Bill Wilson would have been much closer to the truth if he had written,
"It was a statistical fact that alcoholics almost never recovered in Alcoholics Anonymous. More than eighty percent of the newcomers were gone in a month; ninety-five percent were gone in a year, ninety-nine percent were gone in ten years. You have no conception these days of how much failure we had."
Nobody is powerless over urges, cravings, or temptations. Just because you feel an urge or a craving doesn't mean that you have to give in to it, and feed it. The way to quit drinking is not to expect God to just magically remove all desire for drink. The way to quit is to just not give in to the cravings that will inevitably come. And lots of alcoholics do succeed in quitting drinking by doing just that.

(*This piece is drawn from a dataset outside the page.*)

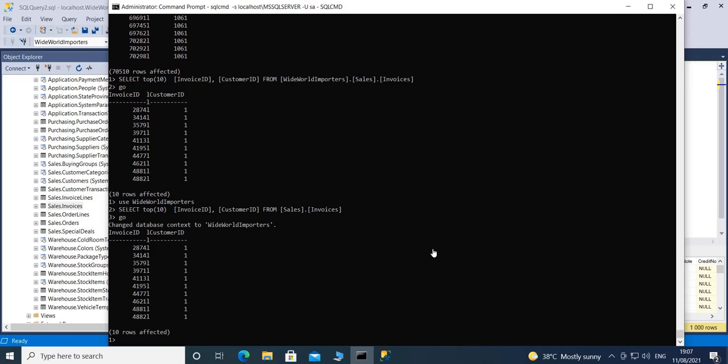That's it for this video. This is how you can connect to your SQL Server instance with SQLCMD and run commands on it. Thank you for watching.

I'm not the only one who has noticed this contradiction. Herbert Fingarette wrote in his book Heavy Drinking:If the alcoholic's ailment is a disease that causes an inability to abstain from drinking, how can a program insist on voluntary abstention as a condition for treatment? (And if alcoholics who enter these programs do voluntarily abstain — as in fact they generally do — then of what value is the [disease] notion of loss of control?) |
Bill Wilson declared that he was "powerless" over every urge or craving he ever had, no matter whether it was a thirst for alcohol, cravings for cigarettes, greed for money, or the urge to cheat on his wife Lois by having sex with all of the pretty young women who came to the A.A. meetings. That's one of the more novel and creative excuses for cheating on your wife, but it doesn't wash.